Schmidt collaborated with Jared Cohen, a veteran global affairs mediator and then head of the internal think tank Google Ideas (now Jigsaw), on a book called "The New Digital Age" about the intersection of American global power and social media.
The meeting was held under the pretext of researching the book, and Schmidt and Cohen visited some technology leaders at the same time. Assange published his account of the meeting in his 2014 book "When Google Met WikiLeaks."
In mid-2011, while Assange was under house arrest in rural England as he fought extradition to Sweden, WikiLeaks was still very much alive. “Schmidt dug deep, asking me directly about the organizational and technical underpinnings of WikiLeaks,” Assange wrote. WikiLeaks had just begun accepting bitcoin donations after a high-profile bank blockade severed WikiLeaks’s links with Bank of America, MasterCard, Visa, Western Union, and PayPal.
Assange thought little of the visit at the time, and thought of Schmidt as “a Silicon Valley engineer with no political ambitions, a relic of the good old days of West Coast computer science graduate student culture.”

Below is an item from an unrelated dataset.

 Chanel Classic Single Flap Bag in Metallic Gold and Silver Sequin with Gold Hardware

But after gaining insight into Google’s integration with U.S. foreign policy, he saw it differently. “When WikiLeaks was deeply involved in publishing internal State Department documents, the State Department had actually infiltrated the WikiLeaks command center and asked me for free lunch.”
During the lunch, Bitcoin came up a few times. The first was a bit awkward: When Assange asked, Schmidt, who was once the director of software engineering at Sun Microsystems, curiously said he hadn’t heard of Bitcoin (Cohen said he “just read the article yesterday”).

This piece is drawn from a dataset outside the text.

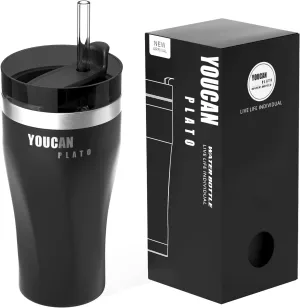 21 oz Insulated Tumbler with lid and Straw- Travel Coffee Mug- Coffee Cup-Stainless Steel Insulated Coffee Tumblers-Iced Coffee Tumbler-Double Vacuum Wall Insulated water cup for Hot and Cold,Black…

For Schmidt and Assange, the most profound impression about Bitcoin seemed to be that it was just one manifestation of the technology.

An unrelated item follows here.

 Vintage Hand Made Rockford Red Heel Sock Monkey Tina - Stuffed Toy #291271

Perhaps the global DNS regime could be overhauled to work similarly to Bitcoin, freeing the internet from centralized control, censorship, and manipulation. Like traditional financial institutions, DNS providers are vulnerable to state censorship, and Assange told Schmidt that the Chinese government was actively filtering WikiLeaks content from the country's internet.
So an internet routing system built on a global distributed ledger could allow content posted by WikiLeaks to be assigned to cryptographic hashes that are always accessible on the blockchain, just like Bitcoin.
Such a system would be particularly effective during uprisings, as governments often try to suppress citizen resistance by cutting off internet access. If a truly peer-to-peer communications network were sufficiently decentralized, it would become a technology for information freedom, just as Bitcoin is a technology for monetary freedom.
Assange was describing Namecoin, an early fork of Bitcoin based on the BitDNS concept originally proposed by Satoshi Nakamoto.
“I think we should do more research on this so that we have a rough idea of it… so that we might have more questions about it,” Schmidt told Assange, then wondered if it might be possible to crack the system’s encryption, completely undermining it.

Assange and WikiLeaks elaborate on the connection between Google and US foreign policy
Schmidt has shown interest in Bitcoin’s proof-of-work and the currency’s scarcity, thanks in large part to Assange’s clear explanation of the difficulty setting.
“What does scarcity mean for people’s incentive to join the Bitcoin system as it increases over time? It means you should join the Bitcoin system now. The sooner the better. You should be an early adopter,” Assange said. “Because one day your Bitcoin will be worth a lot of money.”
Of course, Assange was right. Since the secret meeting with the Google CEO, Bitcoin has risen 5,000 times (half a million percent).
A year later, Assange arrived in London and sought asylum in the Ecuadorian embassy, where he had been detained for seven years to avoid extradition to Sweden on rape charges. Assange then served five years in a London prison, while his team fought extradition to the United States. Last June, Assange was released as part of a plea deal with the federal government.
Meanwhile, the internet is now under intense scrutiny by governments and companies around the world, and in many cases even controlled by Google itself, while Bitcoin remains free. We can only hope that Assange's time in prison will ultimately count for something.